The Tortured Wallet

…and the ear-splitting cry.

By Fred Stenson

When it comes to paying taxes and avoiding paying taxes, I have a little concept I call the “too good to be true” rule. When a friend says, “My money man has this slick investment move that makes me great money, tax-free,” my response is not to ask for the man’s name. Instead, I file it in the “too good to be true” bin and go on my humble way.

My subject, of course, is the tax changes introduced by PM Justin Trudeau and Finance Minister Bill Morneau, which have incensed people who incorporated to reduce their taxes. But let me go back first to another time, 2006–2007, when investors were similarly boiling because the Harper government had reversed one of its own tax policies.

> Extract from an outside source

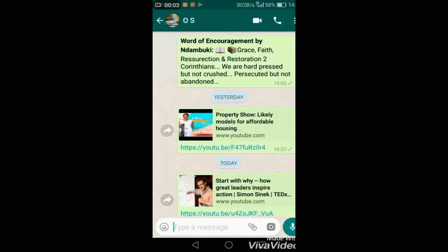In this day and age where we are overwhelmed by very many WhatsApp messages, you may wonder how do I reply to a particular message hidden within many others. Wonder no more.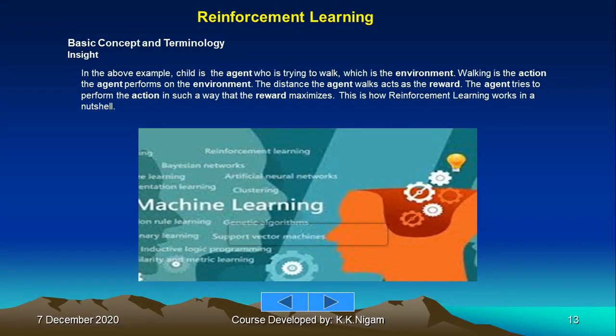In terms of basic concepts: the child is the agent trying to walk, the environment is the walking surface, and walking is the action the agent performs. The distance the agent walks acts as a reward, and the agent tries to perform actions in such a way that the reward is maximized. This is how reinforcement learning works in a nutshell.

In 2007 Finance Minister Jim Flaherty announced a tax (to take effect in 2011) on income trusts. Companies had been converting themselves into income trusts to create an almost tax-free situation. Money men had been urging their clients to buy income-trust-based financial instruments for their registered savings plans. And here came my friend telling me how much money he was making on his now income-trust-heavy RSP. His earnings were indeed dwarfing mine but I didn’t run to my accountant, because my mind was yelling, “Too good to be true!”

It was the sound of a million wallets shrieking—like we heard when Trudeau–Morneau changed the tax advantages of incorporation.

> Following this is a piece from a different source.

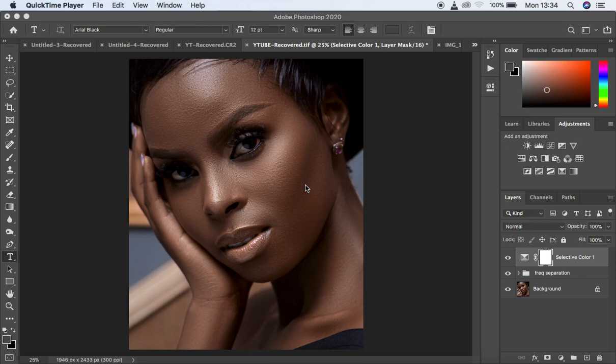Hello, what's up YouTube, Ronix here, and in this tutorial I want to show you guys how to dodge and burn in Photoshop.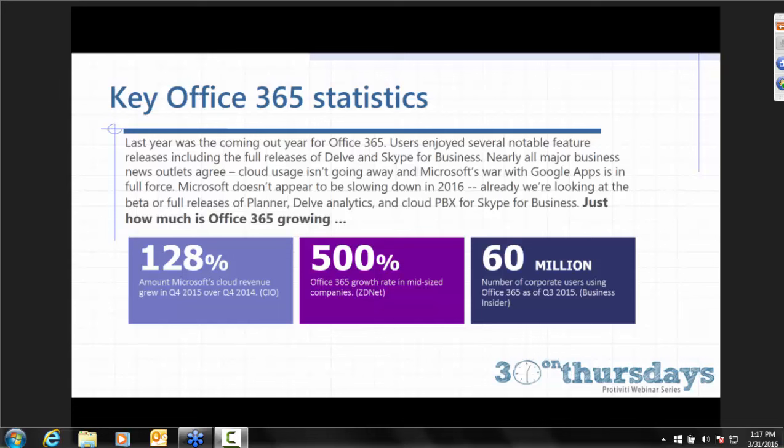These are some really interesting high-level statistics about how much Office 365 has grown even in the last year. Particularly that middle one I find staggering — 500% Office 365 growth rate in mid-sized companies just in the last year. That's a humongous jump. So we're really dealing with a shift here in applications and productivity, and I think it's fair to say that we all have to be ready for that.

And it was. Though Harper won in 2006 saying he’d never tax income trusts, he did exactly that in 2007. Why? Because he saw that balancing the budget was impossible when billions of potentially taxable dollars were escaping into income trusts. The shine came off these retirement investments immediately. The income-fund sector of the stock market lost 15 per cent of its value in a matter of days after Flaherty’s announcement.

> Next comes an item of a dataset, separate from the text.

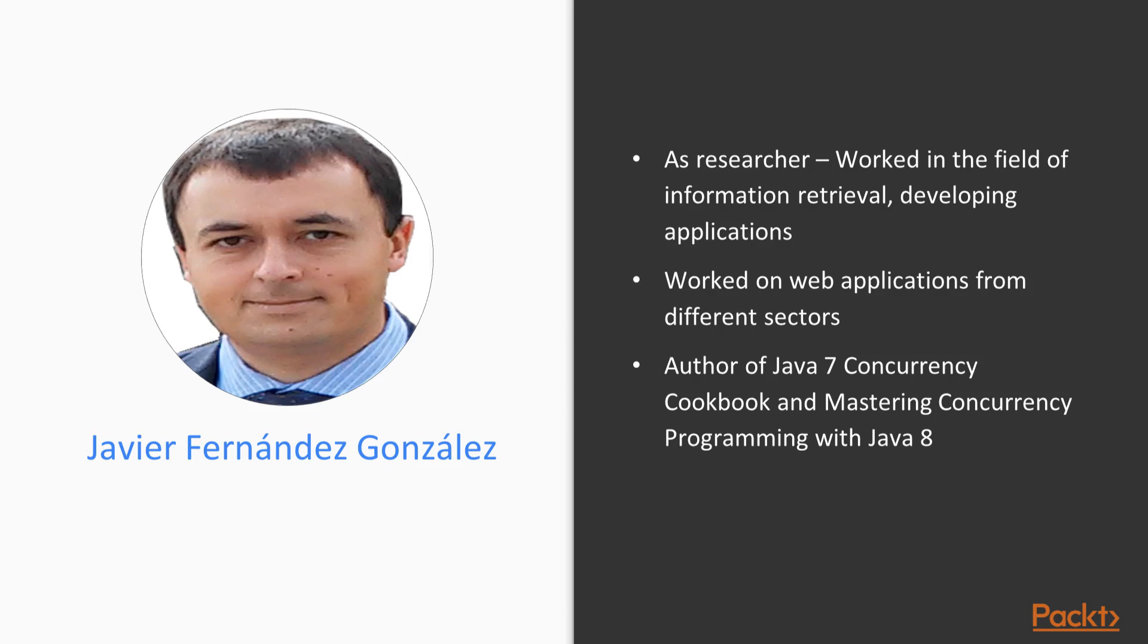Recently, he worked on developing J2EE web applications for various clients from different sectors: public administration, insurance, healthcare, transportation, and so on.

My friend went from making great money to losing good money, while my little RSP continued to limp along in its unspectacular manner.

When Harper–Flaherty imposed the same tax on income trusts as on corporations, a howl arose from all those who’d been making money on them. It was the sound of a million wallets shrieking, much the same as we heard when Trudeau–Morneau revealed plans to change the tax advantages of incorporation.

Maybe ask yourself this: Why was it OK for an ordinary taxpayer to become an incorporated taxpayer and immediately enjoy a lower tax rate? Also: Did it ever make sense to hire your spouse and children, list a bunch of things they supposedly do, and thus “sprinkle” your income and reduce the family taxes? Did it make sense for the government to have such a rule, then not check to make sure everyone was doing the work they were said to be doing? But these were the rules, and people acted in their best interests.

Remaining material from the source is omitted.